(Pictures with short captions)
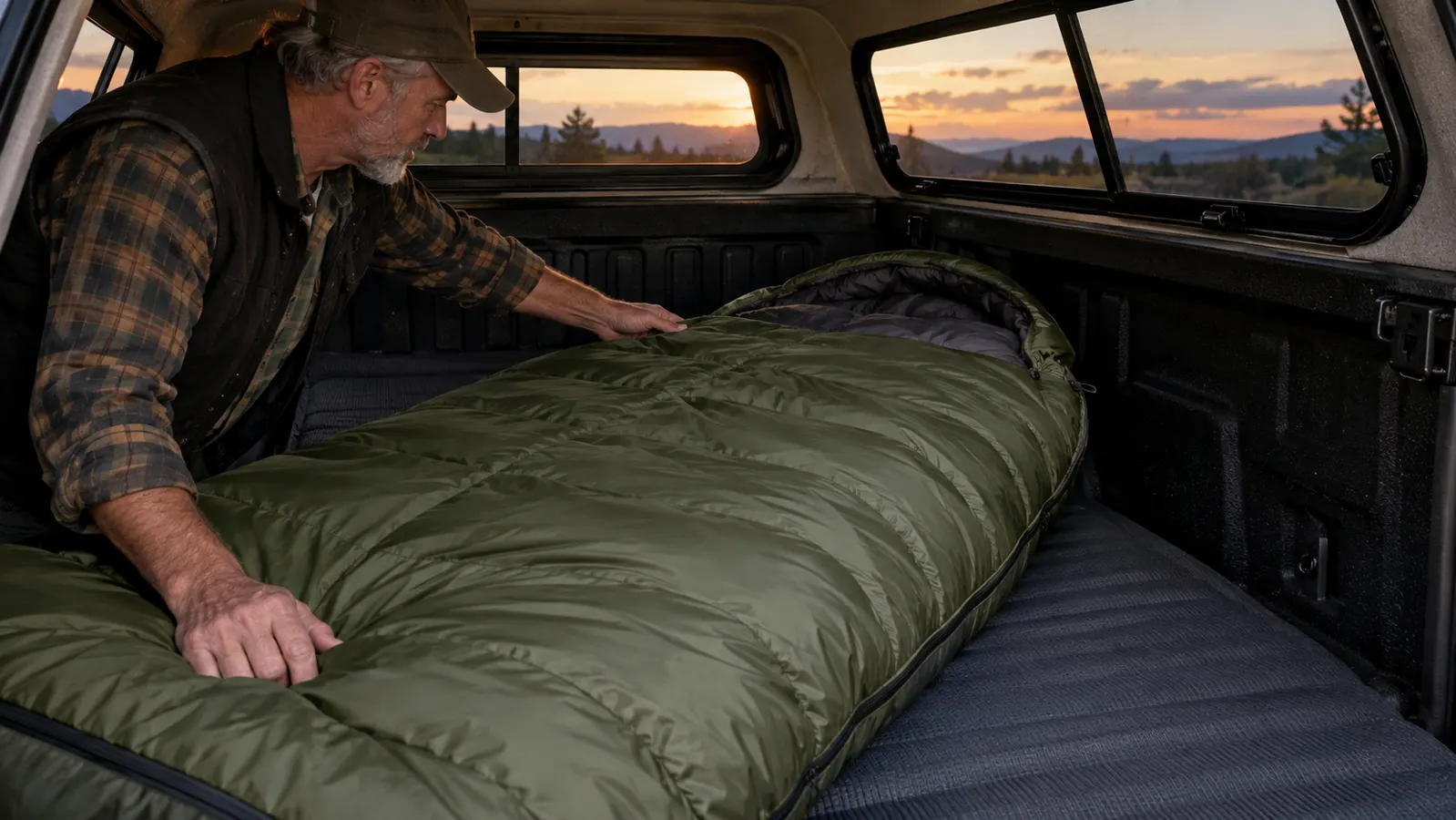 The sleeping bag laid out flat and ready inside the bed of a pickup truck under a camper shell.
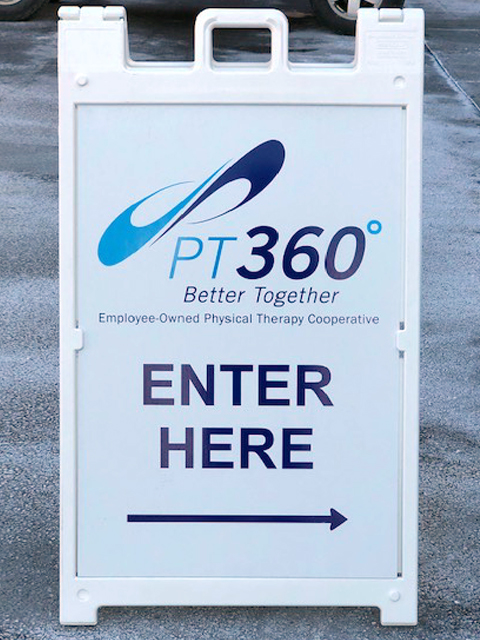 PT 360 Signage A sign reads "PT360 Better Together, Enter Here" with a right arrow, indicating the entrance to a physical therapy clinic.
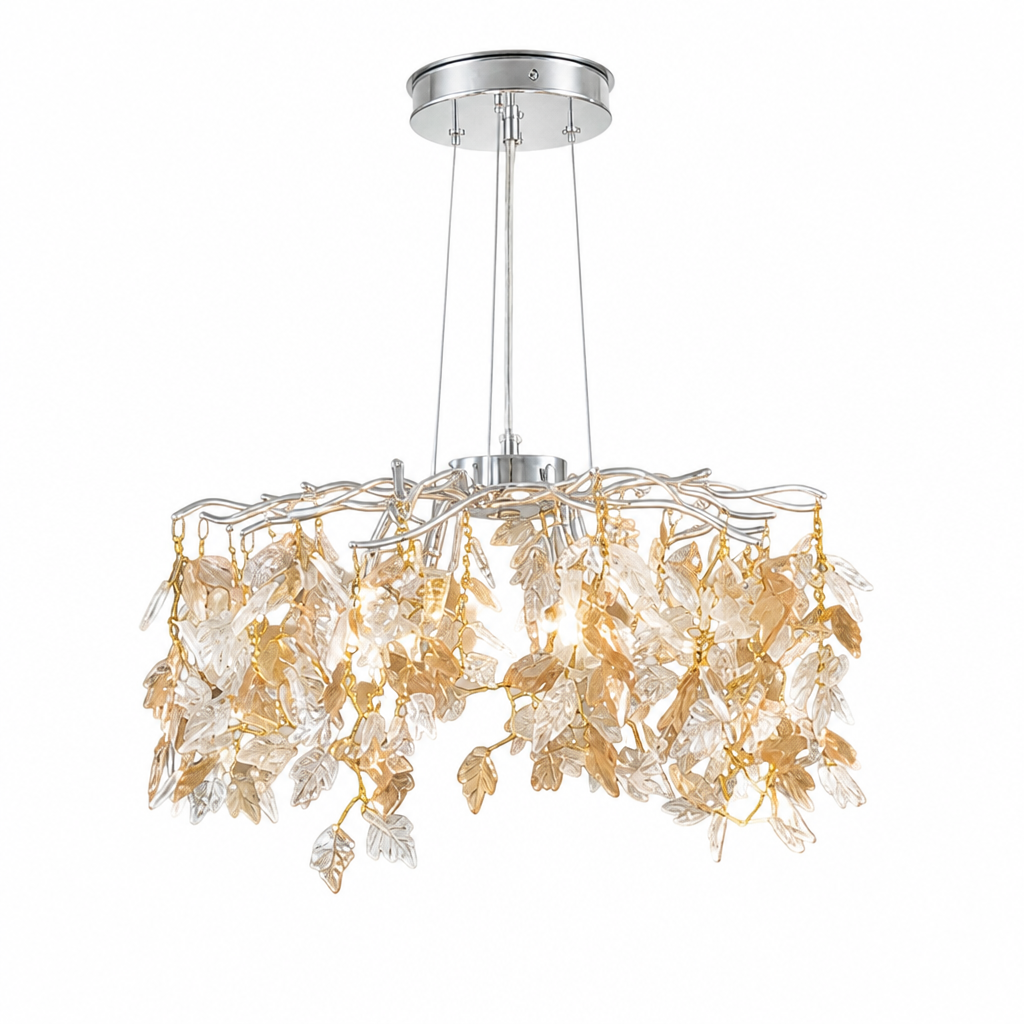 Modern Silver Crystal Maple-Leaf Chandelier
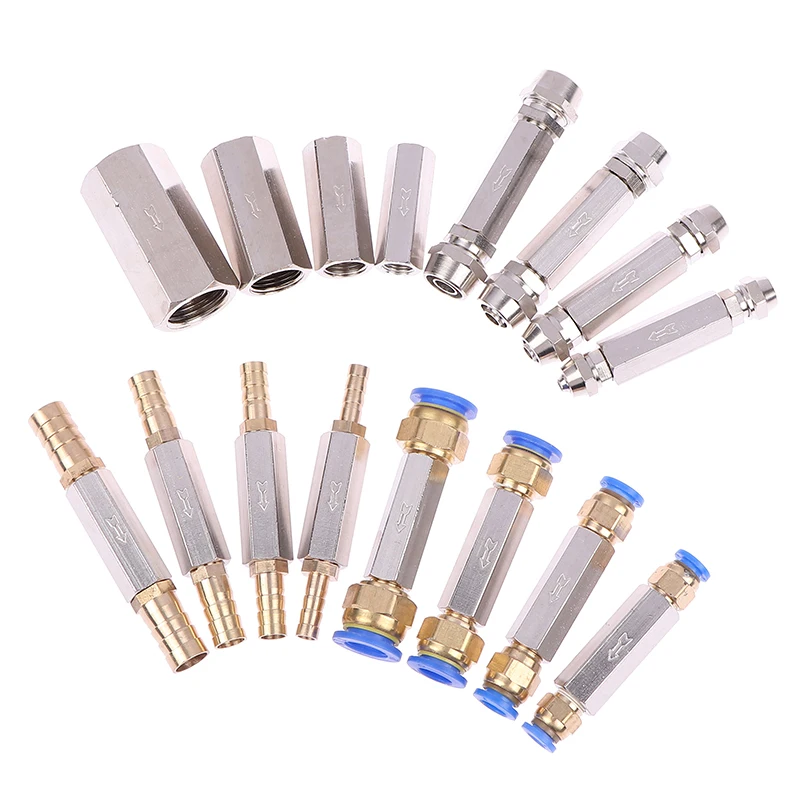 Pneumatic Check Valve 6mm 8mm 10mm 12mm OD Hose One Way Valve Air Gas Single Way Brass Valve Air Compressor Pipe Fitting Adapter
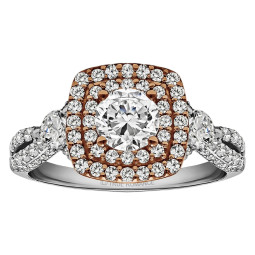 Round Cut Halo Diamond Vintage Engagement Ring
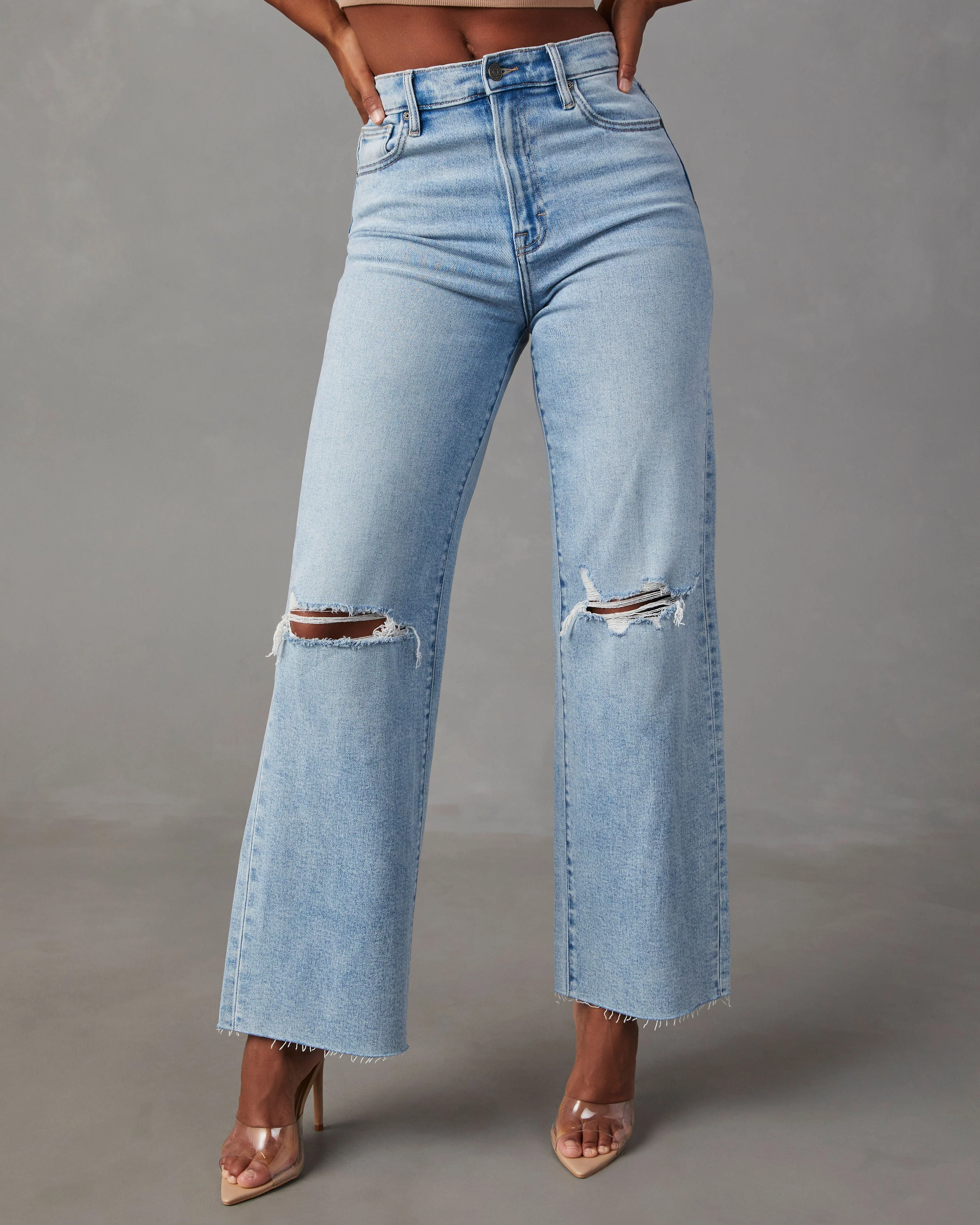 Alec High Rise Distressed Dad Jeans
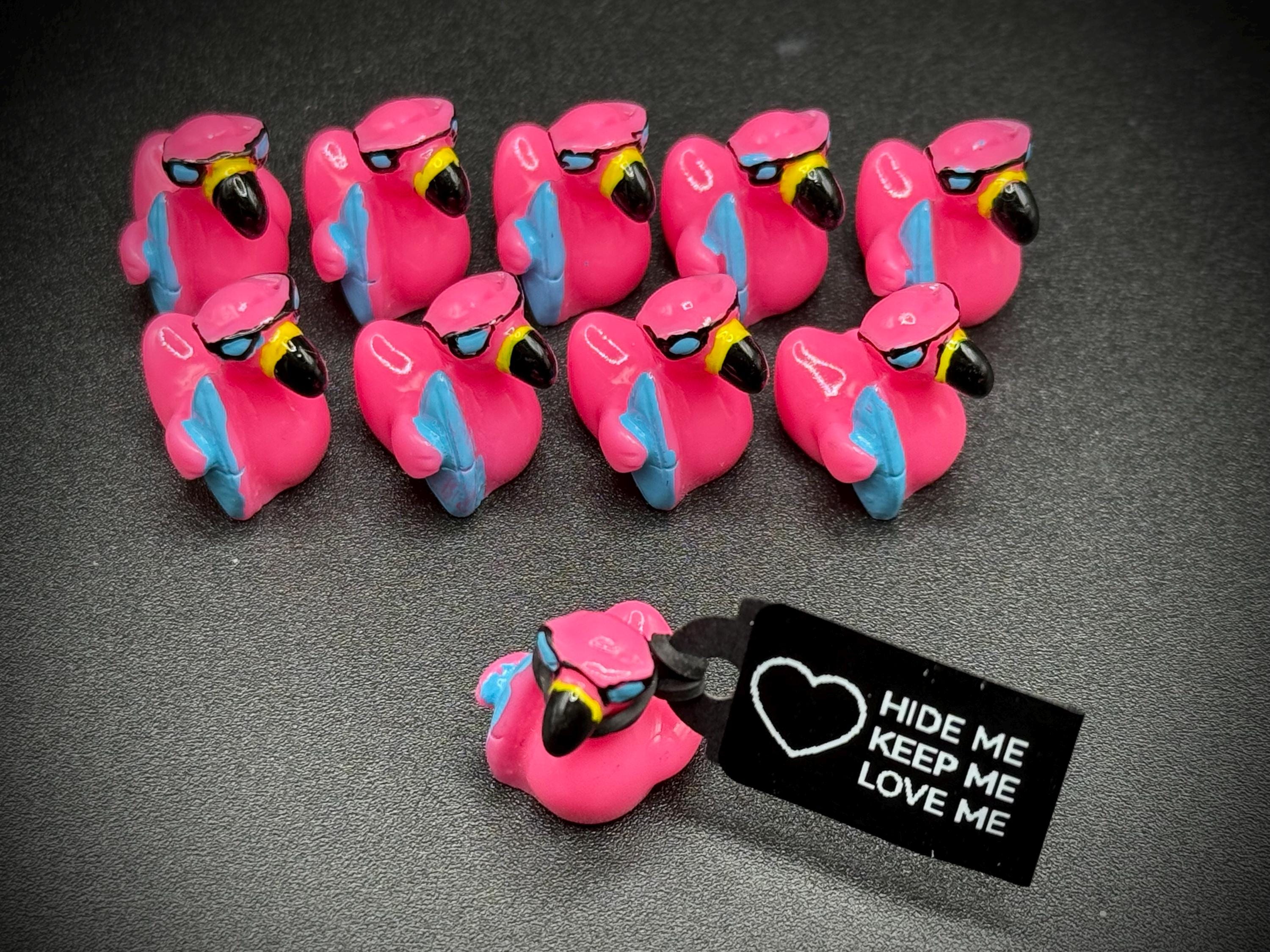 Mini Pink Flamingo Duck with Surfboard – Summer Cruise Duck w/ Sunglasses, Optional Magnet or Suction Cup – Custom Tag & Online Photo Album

WHAT YOU ARE ASKED TO DO. The lines from the one holding "Pneumatic Check Valve" to the final line of the entries are to be duplicated exactly, and the pictures are to be left out.

RESULT.
 Pneumatic Check Valve 6mm 8mm 10mm 12mm OD Hose One Way Valve Air Gas Single Way Brass Valve Air Compressor Pipe Fitting Adapter
 Round Cut Halo Diamond Vintage Engagement Ring
 Alec High Rise Distressed Dad Jeans
 Mini Pink Flamingo Duck with Surfboard – Summer Cruise Duck w/ Sunglasses, Optional Magnet or Suction Cup – Custom Tag & Online Photo Album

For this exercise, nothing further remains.